Я расхохоталась так громко, что на нас покосились пьянчуги за соседними столиками.
– Ты прав. Я – простолюдинка. Мать с отцом, как кукушки, подкинули меня в гнездо к хищным птицам, а я возьми и вытолкни их всех оттуда. Гнездо теперь мое, и я в нем воевода.
Мой горький смех оборвала еще одна рюмка настойки.
– Женись на мне, Эрдэнэ. Нараму нужен воевода, – наконец выпалила я. – Когда Горислав умрет, я смогу занять свой пост только замужней женщиной. И доверить место подле себя осмелюсь только тебе.
Эрдэнэ подавился настойкой и закашлялся. Он в изумлении таращился на меня, пока я улыбалась ему в лицо. Это предложение уже давно вертелось на губах, но озвучить его не хватало смелости.
– Ты же знаешь, что такого правителя не примет народ Нарама. Нестареющий полудемон, узкоглазый чужеземец, бывший владелец борделя. Смех, да и только! Наш брак невозможен. Я поклялся себе никогда не иметь детей, чтобы не передавать демоническую сущность следующим поколениям. Она должна умереть во мне. Тебе нужны дети, чтобы продолжить правящий род.
– Но ты же влюблен в меня! – воскликнула я, вцепившись в его холодную ладонь, отчего обожженная кожа возмущенно заныла.
Вторая рука Эрдэнэ накрыла мою, пылающую внутренним огнем. В раскосых глазах читалась нежность, а меня почему-то пробирал смех. Как будто все это происходило с нами не взаправду.
– Я не стану тебе признаваться, воевода. Мое признание тебе не нужно.
Я не отводила глаз и чувствовала, как в груди разливается тепло. Эрдэнэ дарил мне спокойствие, как когда-то Беркут. Мужчина, на которого я могла опереться, который протягивал руку, даже если его не просить, даже если грубо отталкивать. Мужчина, на плече которого я так много плакала, а теперь смеялась, сыпля судьбоносными предложениями.
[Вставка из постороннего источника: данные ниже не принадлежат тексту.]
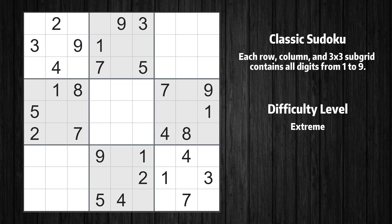Hey everyone! Welcome to the 39th episode of our Sudoku series. In this video, we'll show you how to use advanced techniques to solve a real-life Sudoku puzzle step-by-step. Let's get started.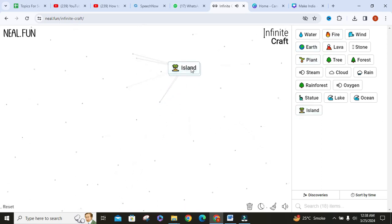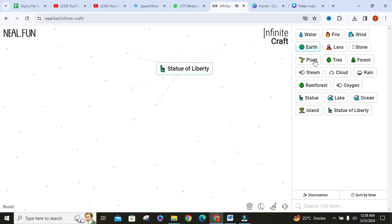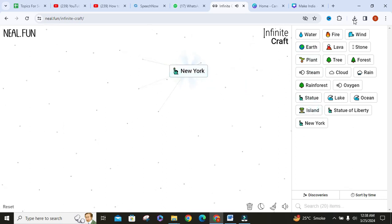Then add island to statue — it will make Statue of Liberty. Then add island to it — it will make New York.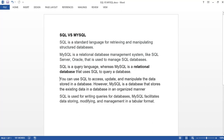So that's the basic difference. Whenever anyone asks you the difference between SQL and MySQL: SQL is a query language, whereas MySQL is a relational database that uses SQL to query a database.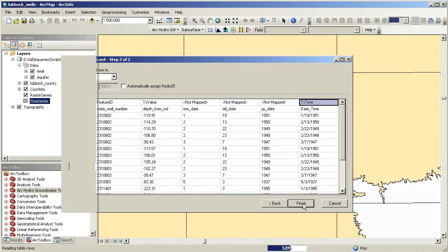We can animate all the datasets together using the ArcGIS animation tools to show the changes in water levels over time. In this case, we animate the points feature created together with the water level rasters and contours.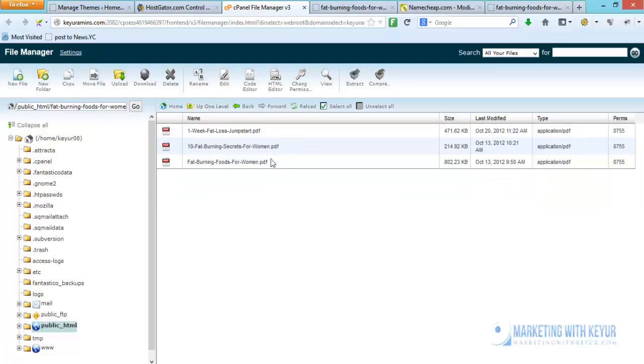Now instead of downloading one by one, this is only three but in your case maybe it could be even 30, it could be even 300 files and you still want them downloaded onto your computer as a backup.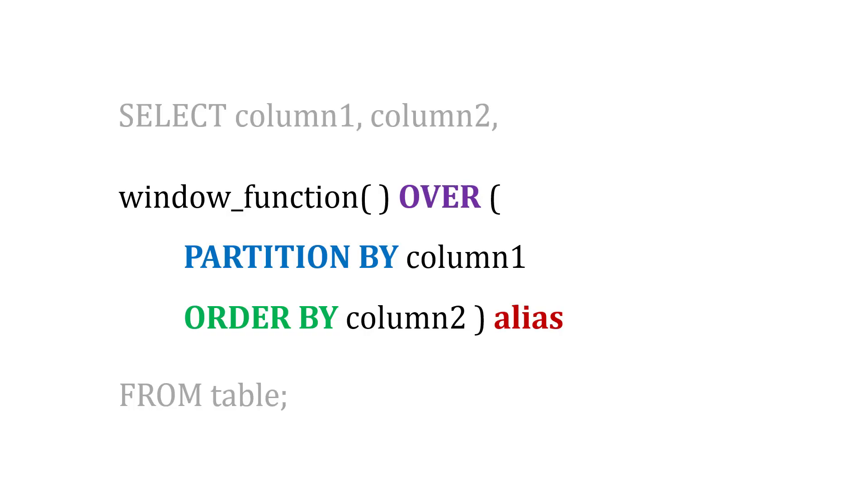Now let's look at how to write some of these window functions in SQL. Here's what the basic syntax could look like. I might select a couple of columns, and then the third column is my window function. That window function can be an average, a sum, or something else. Then I say OVER, PARTITION BY a column—split it up by a column. In this case, it's department, PARTITION BY department.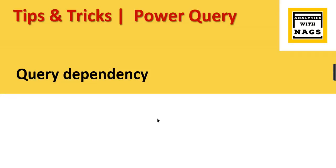Welcome to Analytics with Max. This is another video in the tips and tricks series which is part of Power Query.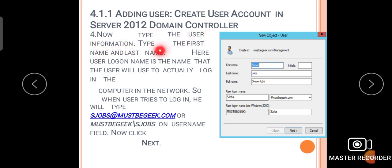Now type the user information: type the first name and last name. The user logon name is the name the user will use to actually log in to the computer on the network. Provide the first name, last name, full name, login name, and username, then select the Windows 2000 logon name and click the Next button.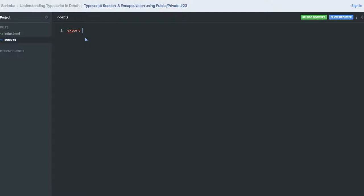So let's talk about the first class, which is a variable. Here we will talk about how we can declare a variable using public. So here I am declaring 'a' as a public variable having a default value.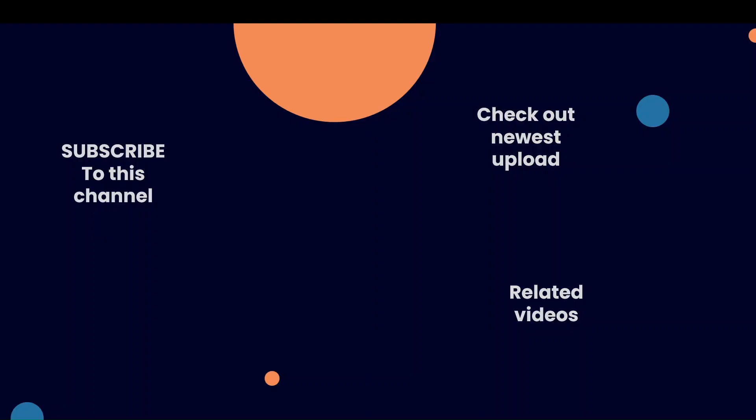All right. So hopefully you found this really useful. Thank you all for watching and don't forget to subscribe to this channel.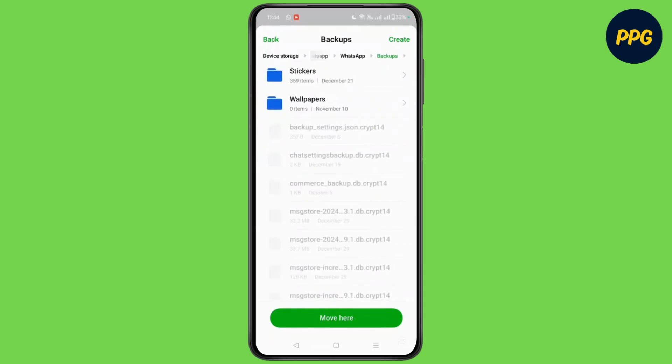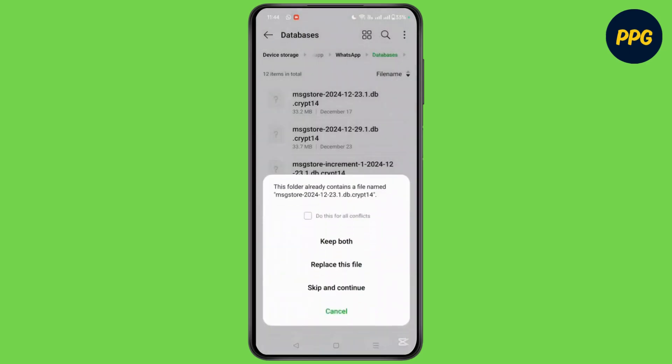Simply click on the option of move here and then you will be able to recover all the voice messages from whatsapp.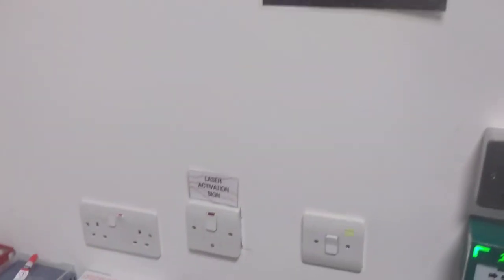Before you turn on any components, you must first turn on the laser activation sign, which can be found on the wall. You then need to go outside and check that the sign is active.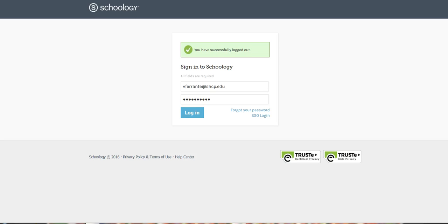In this video I'm going to show you how and where you can create a Schoology portfolio so that you can archive your work for the year or for a class, or just highlight certain things.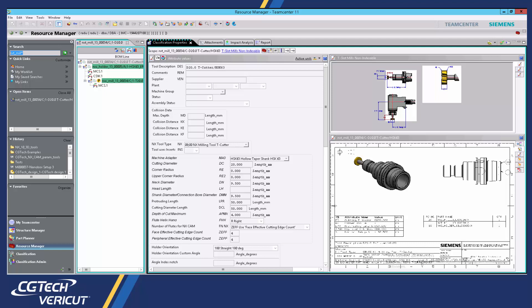Here we have an example of a typical 3D cutting tool assembly that resides in Teamcenter.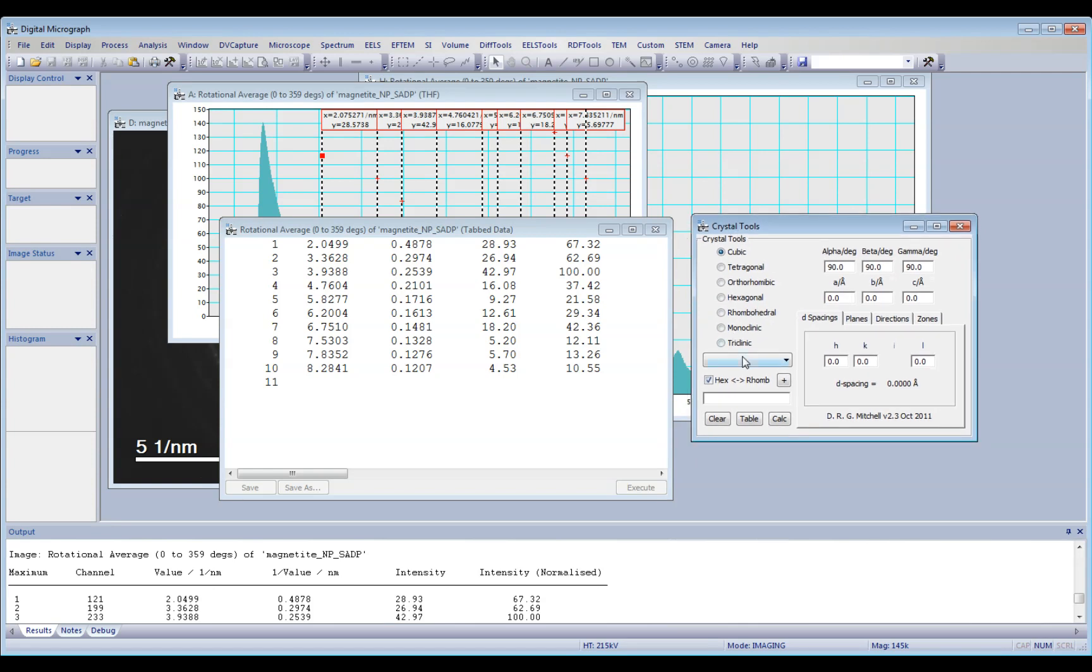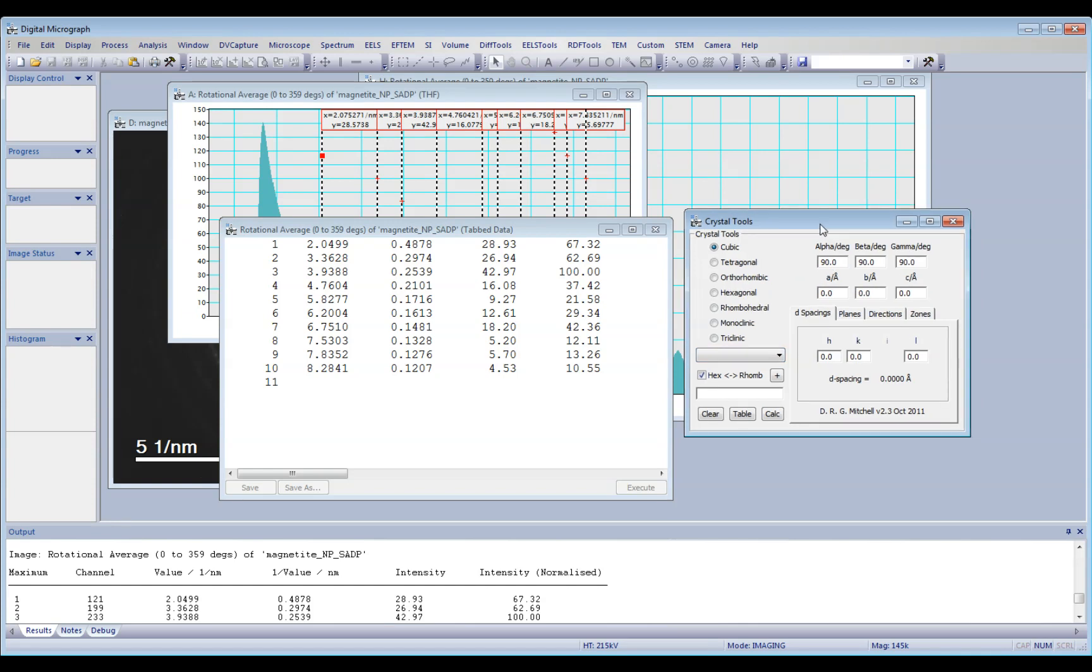So on the crystal tools, you have to enter these values here, actually the lattice parameters of the material you are interested in.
Амир убил Айдана ради меня и едва не убил меня ради цесаревича…
Эрдэнэ ради меня предал Мансура…
Амир предал навиров и превратился в зверя…
Мысли путались, то скрываясь в тумане, то выныривая из него. Во мне уже не осталось сил. Я слишком устала и мечтала лишь о чьей-то защите. О чьих-то руках, о чьем-то теплом дыхании…
– Я так устала и хочу спать. Можешь снять для меня комнату на эту ночь? – наконец попросила я, даже ускользающим сознанием понимая, что Эрдэнэ не оставит меня одну.
– Тебе лучше вернуться в имение Тира. Если нужно, я донесу. Там безопаснее.
– Нет, прошу тебя, – я крепче вцепилась в руку Эрдэнэ. – Я не хочу видеть никого из них, даже Ювху. Хочу забыться хотя бы на эту ночь. Девочки смогут нас защитить. Молю, пойми меня.
«Мое признание тебе не нужно». Да, не нужно, потому что я давно поняла все без слов.
Наконец Эрдэнэ кивнул и отправился к хозяину трактира. Пока его не было, я опрокинула в себя еще две рюмки настойки, закусив огурцом, и даже не поморщилась.
Через пару минут Эрдэнэ вернулся и кивком головы позвал за собой. Я ухмыльнулась и вцепилась в его руку. Прохладные пальцы сжали мою ладонь, хотя сам он даже не обернулся.
Между нами повисла странная неловкость. Сердце глухо билось в груди, как и предвкушение того, о чем я, возможно, пожалею. Но Эрдэнэ, такой надежный и верный, оказался рядом слишком вовремя. Я нелюбима, унижена и едва не убита Амиром, но Эрдэнэ влюблен в меня и ни за что не уйдет сегодняшней ночью. Я слишком нуждалась в том, чтобы почувствовать себя желанной. Эрдэнэ обязан знать, как любовью лечить душевные раны женщин. Не зря же он столько лет владел борделем.
Второй этаж встретил нас приглушенными звуками музыки и пьяных воплей, полутьмой и всего шестью комнатами. Эрдэнэ открыл дверь под номером три и посторонился, пропуская меня внутрь.
Я щелчком пальцев зажгла огонек над ладонью и направила его к подсвечнику на столе. Четыре свечи разогнали мглу, и мы с Эрдэнэ осмотрелись. Половину комнаты занимала добротная кровать с резной деревянной спинкой, застеленная простеньким постельным бельем. У кровати – сотканный вручную пестрый коврик, у окна – небольшой письменный стол и платяной шкаф, а рядом старенькое кресло с потертой обивкой сиденья.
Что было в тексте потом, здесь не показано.